Now, for George Mitchell this may appear to be a decent compromise. For however long the “freeze” lasts, there are no new units started. If the “freeze” lasts long enough — say, six months or a year — there will be a significant and visible reduction in Israeli construction in the West Bank. Mitchell, who is reported to want to leave his negotiator position at the end of 2009, would be able to quit while this “freeze” is in place. As to Jerusalem, he might just say “too hard for now” and tell Arab governments privately that U.S. pressure to stop Israel from building in East Jerusalem will continue.

Why Netanyahu and his government loathe this entire Obama project is clear. Morally, it accepts the argument that Israelis have no right to live in the West Bank (or even some parts of Jerusalem). Politically, agreeing to any sort of “freeze” threatens the governing coalition. And how does Bibi Netanyahu get out of the “freeze”? What’s the exit strategy when the agreed time (Three months? Six? Nine or twelve?) ends — and Obama says, “I just need a bit more time to bring peace and freedom to the Middle East.”

All this is familiar — but look at what the Obama administration has done to its friends in Ramallah as well.
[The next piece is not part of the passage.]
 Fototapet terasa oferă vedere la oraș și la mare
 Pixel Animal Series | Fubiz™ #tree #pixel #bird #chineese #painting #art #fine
Palestinian Authority president Mahmoud Abbas and his negotiator Saeb Erekat are on record demanding a total freeze — including in Jerusalem, without a time limit, all over the West Bank, every settlement, all sorts of buildings. No exceptions for construction now under way, for kindergartens, not even (or, perhaps, especially?) for synagogues. Where do they stand when the United States government announces its deal — allowing several thousand units to be completed and remaining silent on Jerusalem? Compared with the current situation — daily denunciations of settlements by Washington, while Palestinians are asked to do nothing — all of a sudden the U.S. will seem to have switched sides. All of a sudden the actual construction work you see before you is okay, Washington blesses it; and as to Jerusalem there will be no stated limits at all. “There are no middle-ground solutions for the settlement issue: Either settlement activity stops or it doesn’t stop,” Erekat told Voice of Palestine radio last week. Under all the possible compromises, it doesn’t stop — or so it will seem to Erekat and his boss Abbas, and to any Palestinian listening to Hamas’s radio and TV denunciations of such a deal.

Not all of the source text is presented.